De resto, a inflexibilidade de Moscovo também tem sido expressa na forma como tem ignorado os apelos para a retoma da Iniciativa por atores como Índia, África do Sul e Conselho de Cooperação do Golfo, ou ainda por vários dos líderes africanos presentes na última cimeira Rússia-África – incluindo o presidente da União Africana, que falou do modo como o acesso a cereais ucranianos salvaria vidas africanas.
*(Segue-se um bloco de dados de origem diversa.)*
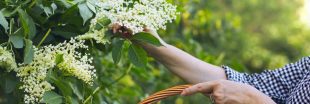 Goûtez les fleurs de sureau... La récolte a commencé !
Pois bem, este autor argumentaria que é precisamente junto dos países africanos e do restante Sul Global que a Ucrânia poderia procurar apoio potencialmente decisivo para o corredor humanitário do Mar Negro. Kyiv poderia tentar estabelecer uma cooperação com um número de estados destas regiões do globo sob o mote de garantir o estável afluxo de bens agrícolas aos mercados em prol da segurança alimentar global. Uma tal cooperação poderia ser negociada e estabelecida diretamente entre estados, ou ainda sob a égide do Secretariado da ONU. Os estados participantes poderiam prestar assistência à Ucrânia na monitorização da segurança dos cargueiros e dos portos ucranianos e poderiam participar na condenação institucional de qualquer agressão aos mesmos. A mera presença de tais estados no corredor tenderia a protegê-lo mais que qualquer sistema militar. A Rússia, afinal, depende hoje do Sul Global, já que é nestas regiões do globo que encontra a maioria dos seus interlocutores remanescentes. Ser-lhe-ia imponderável, dos pontos de vista diplomático e de relações públicas, atacar um corredor humanitário no qual vários estados africanos, asiáticos e latino-americanos estivessem envolvidos. A Ucrânia passou os últimos meses a desenvolver relações com África e o mundo Árabe, Índia e Sudeste Asiático, Ilhas do Pacífico, Brasil e Caraíbas. Porque não recorrer a estes contatos para trazer o Sul Global para o corredor humanitário?